Lisa turned 26! We had to celebrate a bit late due to my kidney infection, but better late than never! Happy Birthday Razzle Dazzle!

Kidney Infection

Welp, I got seriously ill for the first time at the end of May/early June with what turned out to be a kidney infection. They thought I had appendicitis and I thought I was for sure going to die. Thankfully, we were all wrong. Phew;)

Flowers from Aunt Nikki

My Aunt Nikki sent me some flowers and they started to grow! Yay!

Bethany hand with bug

While getting my laundry off the line I found this not-so-little guy on one of my dresses! He didn’t want to come off which resulted in me calling another PCV for help. I was SO not going to touch it!

These are taking forever to upload so I’ll add some more later! Love you all!


Photo shoot with Maeva!


During our second in-service training I went to go visit my host family in Porto Novo. My 2 (almost 3) year old niece, Maeva, and I had some fun with the camera on my phone while we waited for dinner:)

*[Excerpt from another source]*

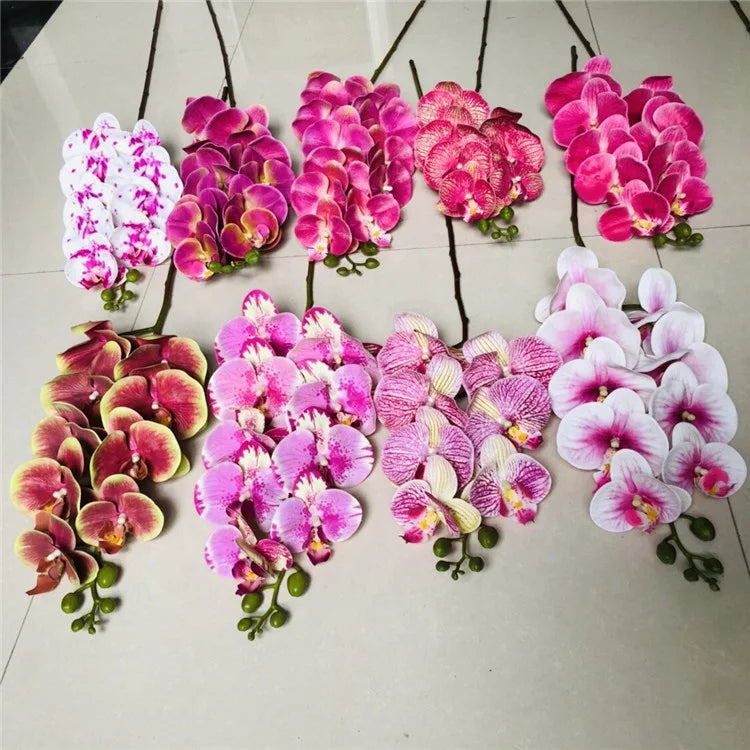 U-3261 Wholesale 9 Heads Real Touch Artificial Phalaenopsis Orchid Faux Butterfly Orchid Flowers for Wedding and Home Decorat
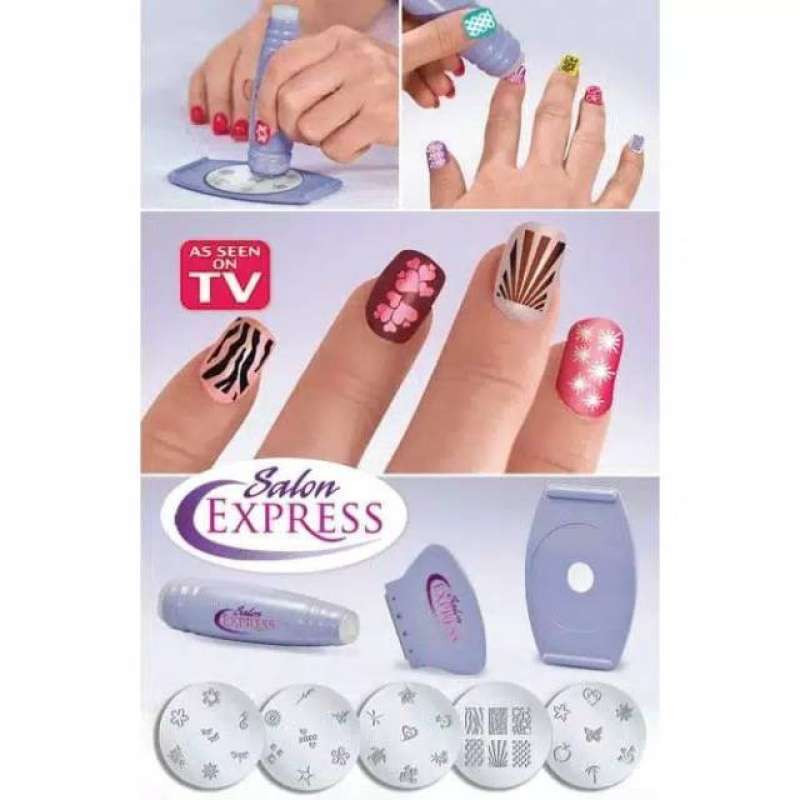 Jual ORI!Salon Express Nail Art Stamping Kit Alat Penggambar Kuku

PS by the time I left, she could navigate through my phone without a problem – scary/really cool how fast she picked it up!








Where do I begin?  To keep this long story short, in Benin you can get scarification to protect you from “bad things”.  This protection ranges from a blessing so you’ll never get caught by the police to protection from the common cold and EVERYTHING in between.  Lisa and I decided to ask the Koborbororou medicine man that we befriended a few weeks earlier if he could do it for us (Koborbororou is the small village just outside of Parakou that Lisa and I visit every Sunday). He laughed, and agreed.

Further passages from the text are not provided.